Le 26 août 2004, le président Bachar al-Assad convoque Hariri. L’entretien est bref et très brutal.
A son retour, Marwan Hamadé se rappelle un homme pâle, troublé, tendu, visiblement impressionné : «Bachar lui a dit : «Si Chirac veut me sortir du Liban, je casserai le Liban sur votre tête. Où que vous soyez.» » Hariri, déconcerté par la violence du ton, dira : «Ce fut le pire jour de ma vie.» Treize jours avant sa mort, Hariri se plaint de ces intimidations au vice-ministre des Affaires étrangères syriennes qui lui assène : «Ne prenez pas ça à la légère!» Et le général Hamdane, chef de la garde du président libanais, grince : «On va lui organiser un voyage, bye, bye, Hariri!» Le rapport Mehlis est truffé de ces menaces, dont certaines ont été enregistrées. Hariri, acteur devenu incontournable, l’« homme du compromis », met en danger le régime syrien : inacceptable. Le mobile est là, reste l’exécution.
Une fois évacué le rôle de l’islamiste Adas, l’homme de la cassette d’Al-Jazira, qui n’a probablement servi qu’à enregistrer le message de revendication avant d’être supprimé, le rapport met en avant deux témoignages forts. Ceux de Husseim Husseim et de Zouhair Saddik, présentés comme deux anciens membres des services syriens. Les deux racontent une Mitsubishi « préparée » dans un camp syrien, un kamikaze irakien trompé, plusieurs réunions secrètes à Damas ou près de Beyrouth entre les services libanais et leurs patrons syriens, dont le puissant Assef Chawkat.
«Trop simple, un montage d’amateurs, ironise un proche de Damas, les Syriens ont peut-être des faiblesses mais au moins… ils savent tuer!» Depuis, Husseim Husseim, témoin masqué, est apparu à découvert à la télévision de Damas pour démentir son propre témoignage, extorqué selon lui par un mélange de torture et de corruption. Quant à Zouhair Saddik, il a fui le Liban pour la France où le témoin, devenu suspect, a été arrêté. Mais même en prison Saddik confirme l’intégralité de ses déclarations à Mehlis. Et après ?

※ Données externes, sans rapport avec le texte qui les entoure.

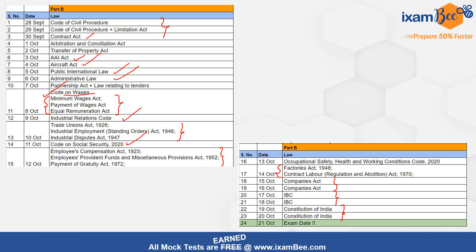21st October is your exam date. Aap isme kuch topics ko kam time dekh sakti hain, kuch ko zaada bhi de sakti hain. Labor codes ke liye hamne 7 days devote ki hain — aap usse kam time mein bhi cover kar sakti hain. Briefly pard sakti hain kuch areas ko, aur kuch ko thoda zaada time de sakti hain — jaise Companies Act ko thoda zaada time de lhe. So this all is as per my understanding.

Le juge Mehlis ne mènera plus l’enquête, il a décidé de ne pas demander le renouvellement de son mandat. Un autre prendra la suite. Et l’ONU, face à la résistance syrienne, devrait prendre des sanctions pour manque de coopération. L’enquête pourrait durer encore six mois, un an ou plus. Mais elle ne répondra sans doute pas à la question de savoir comment, si Damas est coupable, les héritiers du grand Hafez al-Assad ont pu à ce point sous-estimer les conséquences de l’exécution de Hariri. «Ce n’est pas une erreur de calcul, dit Samir Frangié, personne, ici ou à Damas, n’osait imaginer que l’ordre ancien pouvait changer.» C’est fait. La fin d’une époque. Et peut-être celle d’un monde.